DATASET ENTRIES:
↓↓↓

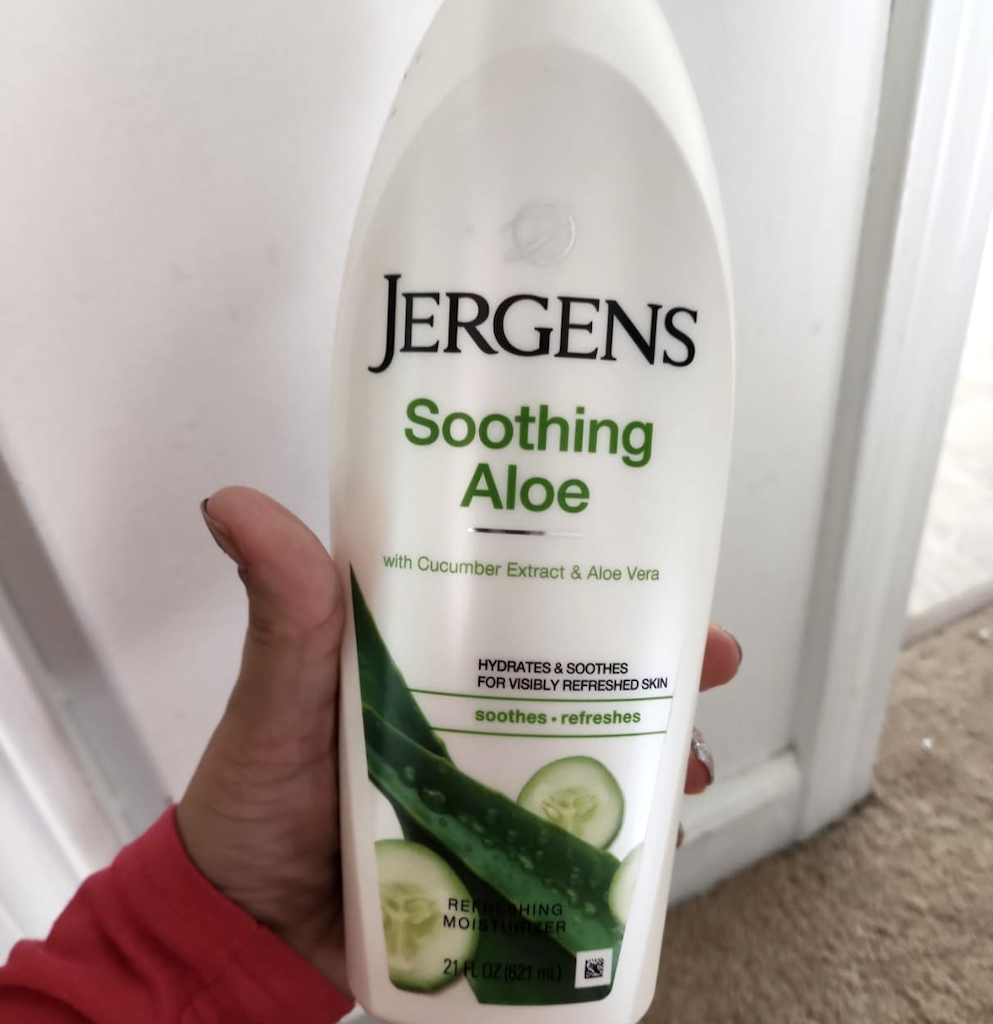 Jergens soothing aloe lotion 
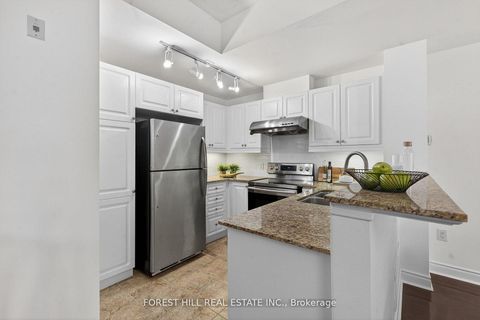 Photo 8 at 17 - 8 Brighton Place, Yorkhill, Vaughan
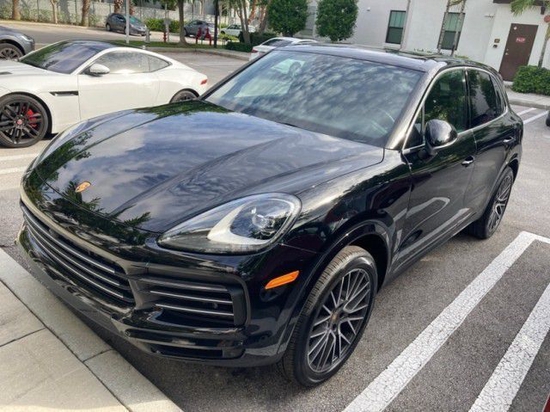 2022款保时捷卡宴天津港现车最低86万起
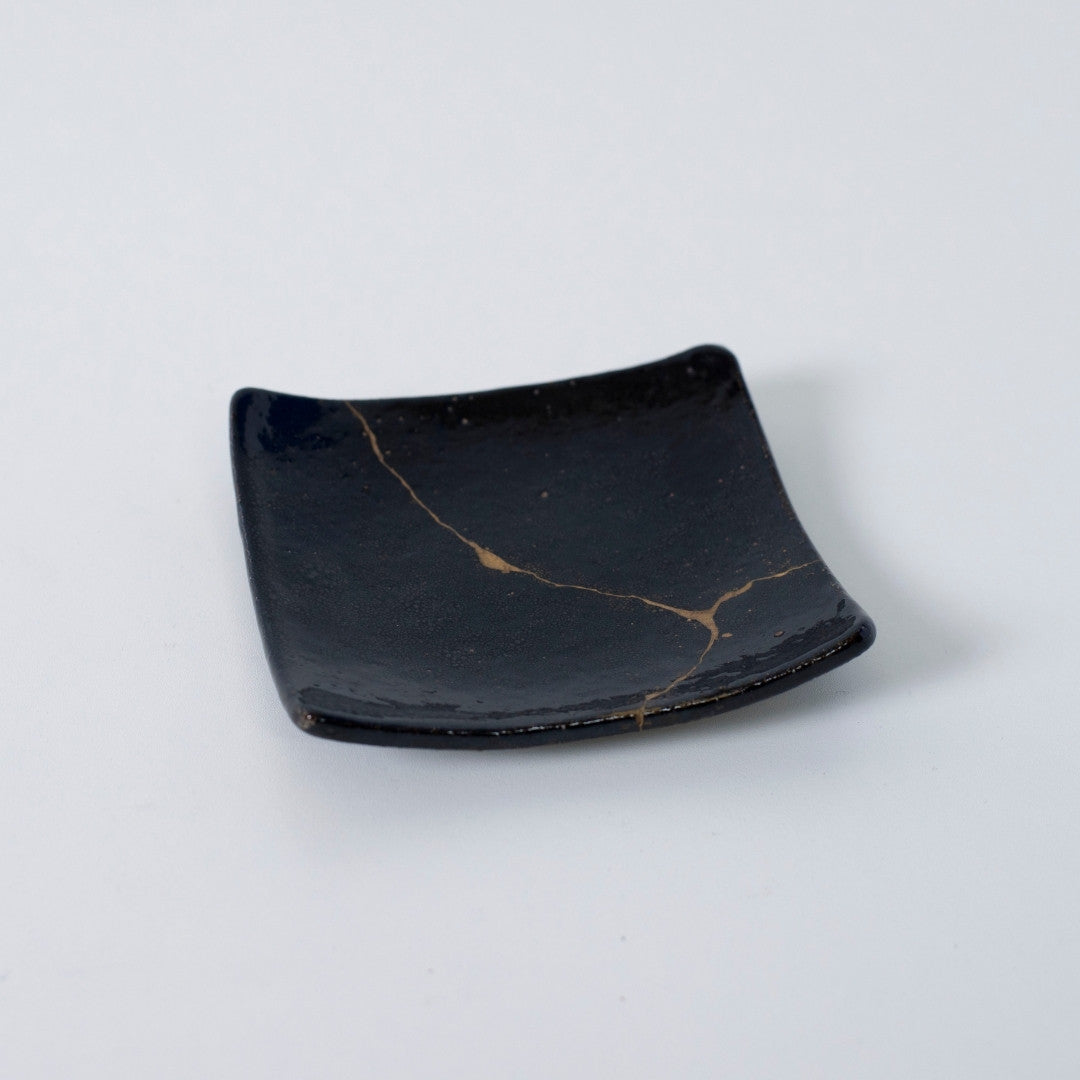 Top view of Kintsugi Square Plate "Jet Black Lighting" 05, showcasing its elegant design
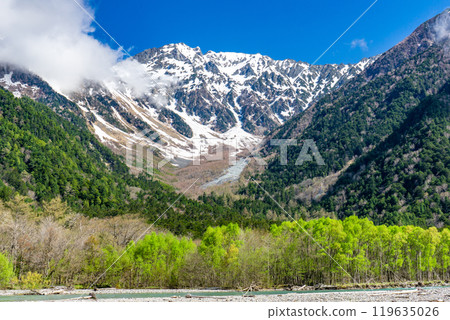 Early summer hiking in the Northern Alps: Walking along the left bank of the Azusa River from Kamikochi, Mt. Okuhotaka seen from Konashidaira 119635026
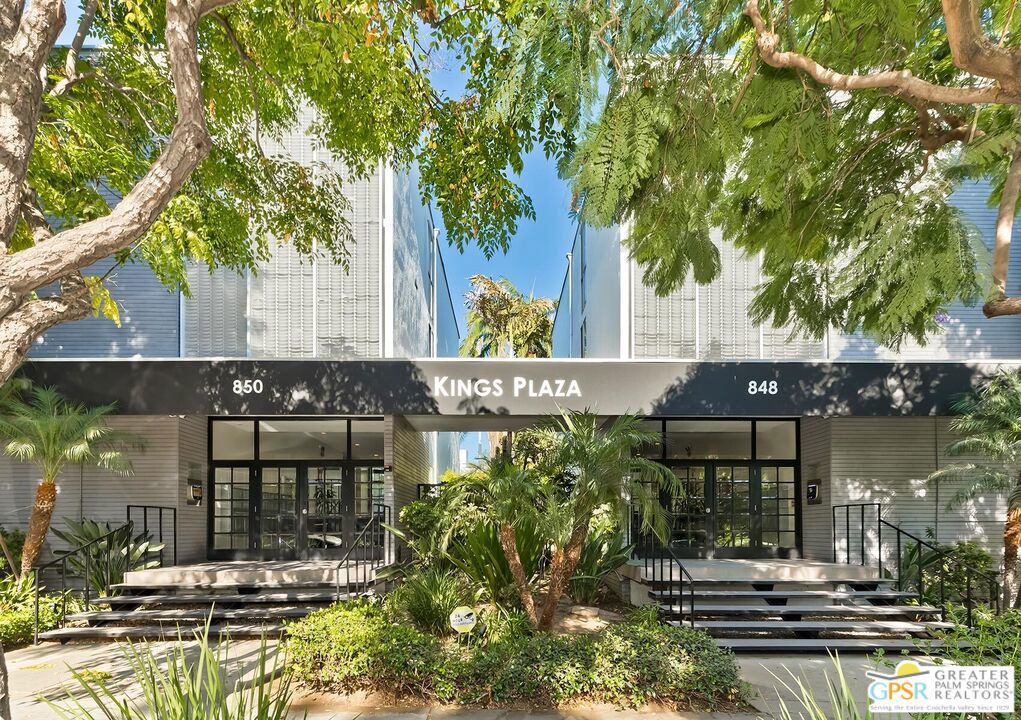 848 N Kings Road 102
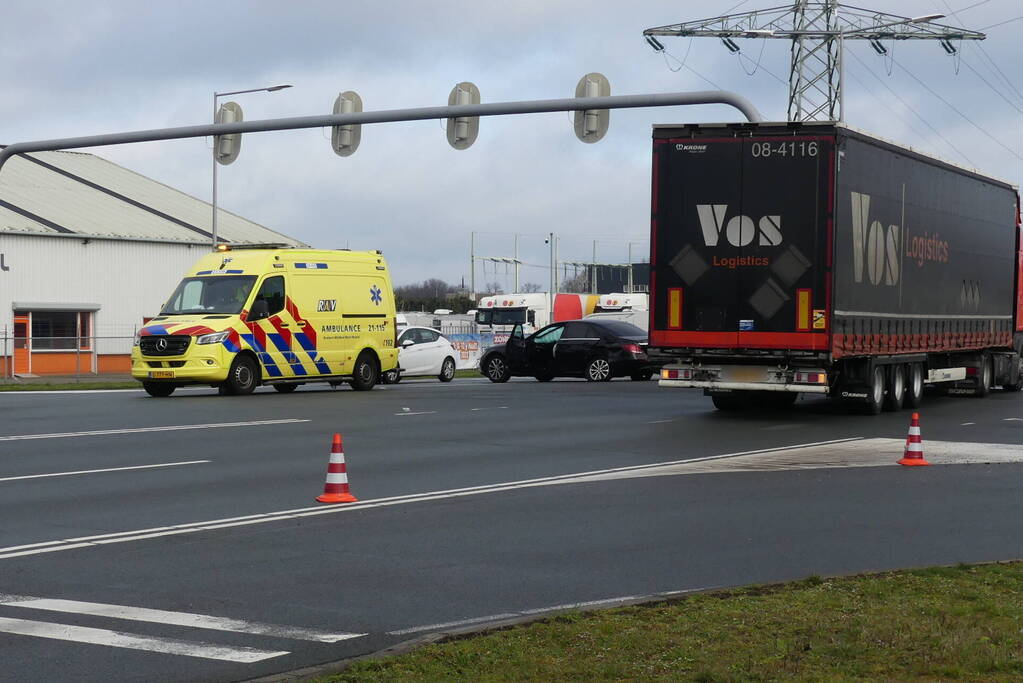 Vrachtwagen en auto in botsing op kruising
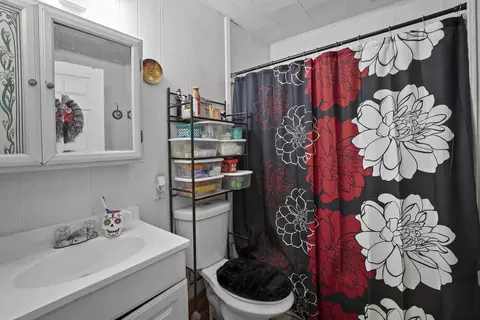 Bath - 420 E Sanson Ave, Spokane, WA 99207 photo 2 of 2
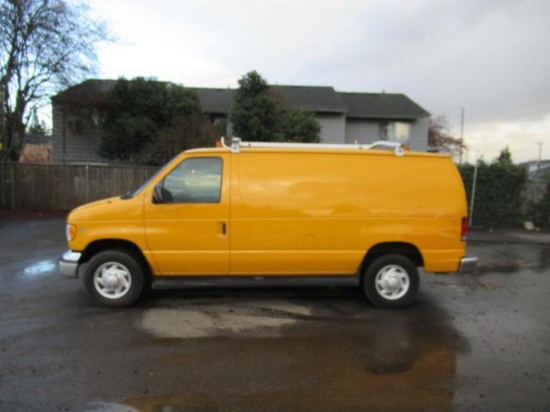 2002 FORD E350 CARGO VAN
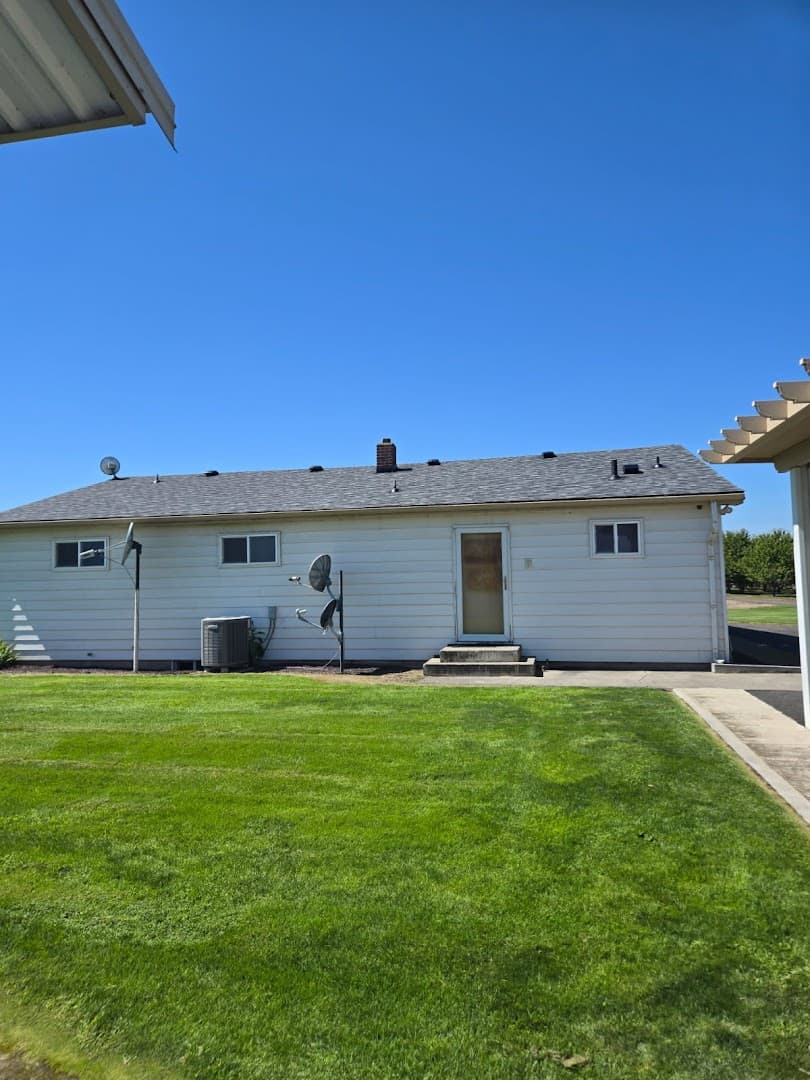 Do Right Roofing - Chimney Skylight, Vents, Metal Roof Repair, Roof Replacement in Kennewick WA chimney services work photo 6 - Professional chimney cleaning and repair in Kennewick, Washington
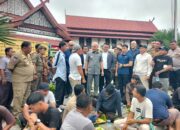 Kesulitan Mendapatkan Solar, Sopir Bawa Ratusan Truk Ke Kantor DPRD Bungo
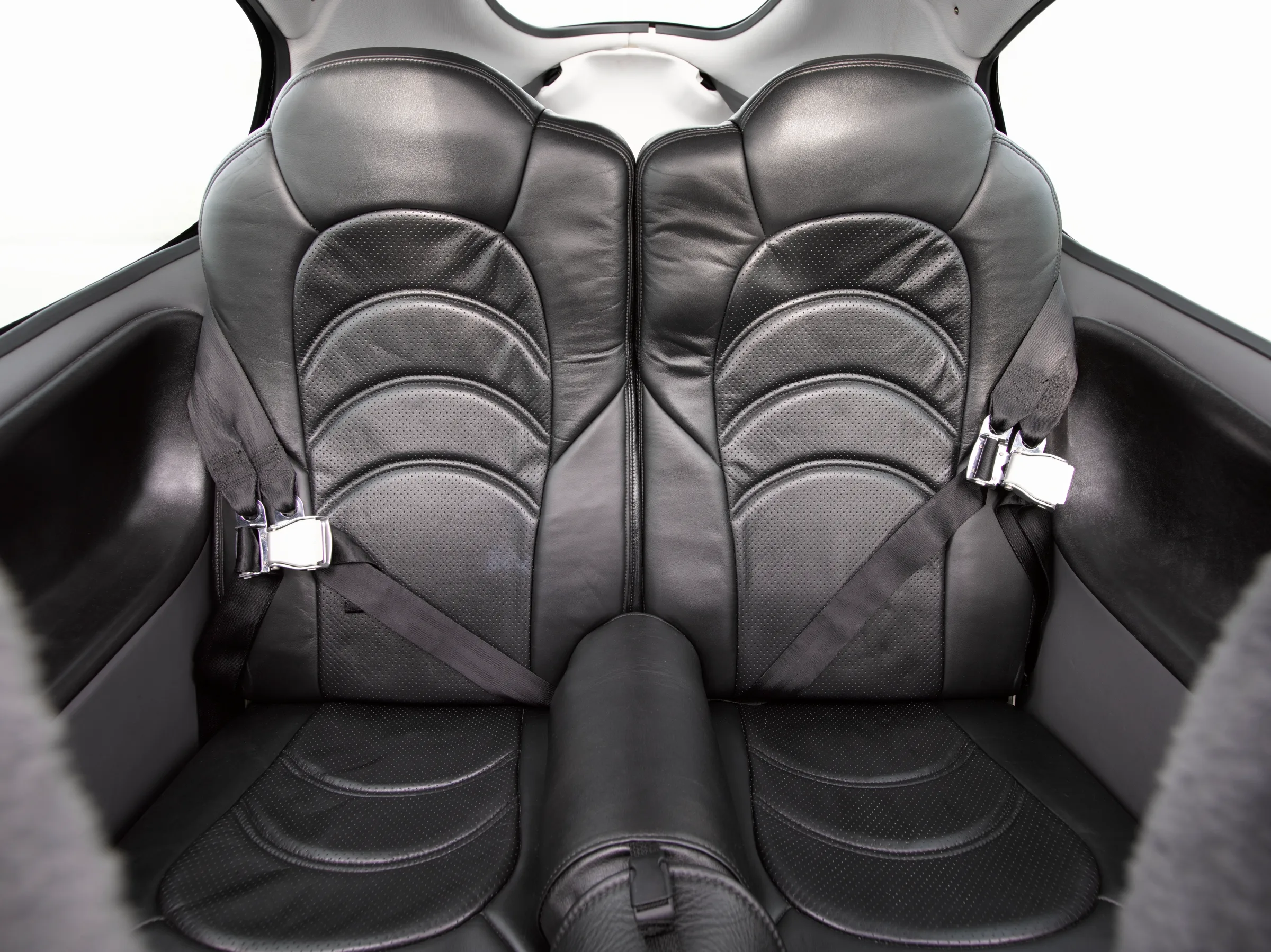 Cabin interior of a 2006 Cirrus SR22 GTS.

↑↑↑

Please copy exactly the lines from the one containing "Early summer hiking" through the last line of the records, both ends included, and leave out any pictures.

WRITTEN ANSWER:
 Early summer hiking in the Northern Alps: Walking along the left bank of the Azusa River from Kamikochi, Mt. Okuhotaka seen from Konashidaira 119635026
 848 N Kings Road 102
 Vrachtwagen en auto in botsing op kruising
 Bath - 420 E Sanson Ave, Spokane, WA 99207 photo 2 of 2
 2002 FORD E350 CARGO VAN
 Do Right Roofing - Chimney Skylight, Vents, Metal Roof Repair, Roof Replacement in Kennewick WA chimney services work photo 6 - Professional chimney cleaning and repair in Kennewick, Washington
 Kesulitan Mendapatkan Solar, Sopir Bawa Ratusan Truk Ke Kantor DPRD Bungo
 Cabin interior of a 2006 Cirrus SR22 GTS.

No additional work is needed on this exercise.